Television and New Media Audiences

Ellen Seiter,
Television and New Media Audiences.
Oxford: Oxford University Press, 1999.
ISBN 0 19 871141 7
152pp
AU$55.00 (pb)

Uploaded 1 March 2000

Published as one of a series, the Oxford Television Studies edited by Charlotte Brunsdon and John Caughie, Ellen Seiter’s contribution constitutes a powerful argument for the value of qualitative methods in television audience research. In a useful and select overview chapter, Seiter describes the appropriation of ethnography in television audience research and discusses a number of studies which illuminate the strengths and weakness of the qualitative research methods employed. Her conclusion is significant: researchers have to move away from a realist treatment of language in interview situations and consider how what can be said to whom is conditioned by the limitations of specific social and cultural contexts. This point is nicely illustrated in the descriptions of Seiter’s own research which follow.

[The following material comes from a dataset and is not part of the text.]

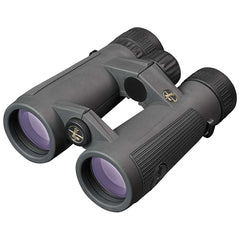 Leupold BX-5 Santiam HD 8x42 Binocular — Gray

In the next three chapters, Seiter describes how different people talked about television in a number of different contexts. These include: a parents support group (of which she was a long-term member); interviews with pre-school teachers in a variety of situations, and interviews with fundamentalist Christians. In each case Seiter illustrates how the politics of gender, but especially class and education, impact on what can be said about television to someone who asks. And Seiter is nicely self-reflexive about her own position as a middle-class white woman with all the advantages of a tertiary education and a well paid job who can afford to like popular culture from her own postmodern and intellectual perspective. Seiter never condescends to those with whose position she may fundamentally disagree. However, one can sense just a touch of irritation with the middle class parents whose anxiety about their childrens’ media consumption and consumerism is alleviated by providing them with more expensive alternatives which they can afford and which are not available to the poorer communities in her study.

The penultimate chapter addresses the possibility of using ethnographic methods to look at the domestic consumption of new technologies, particularly computers. Again Seiter is interested in the ways in which gender and class may be enacted in the micro-politics of the home and the consequences of such politics for access and participation in education, work and other aspects of the public sphere. This kind of research is always hard to do well. As Seiter points out in her conclusion, ethnographic research is time-consuming, labour intensive and difficult to sustain. Nevertheless, there is no doubt that Seiter is firmly of the opinion that ethnography is the only way researchers will get even close to what is happening as people adapt to the changing communications environment of the home. One can only agree.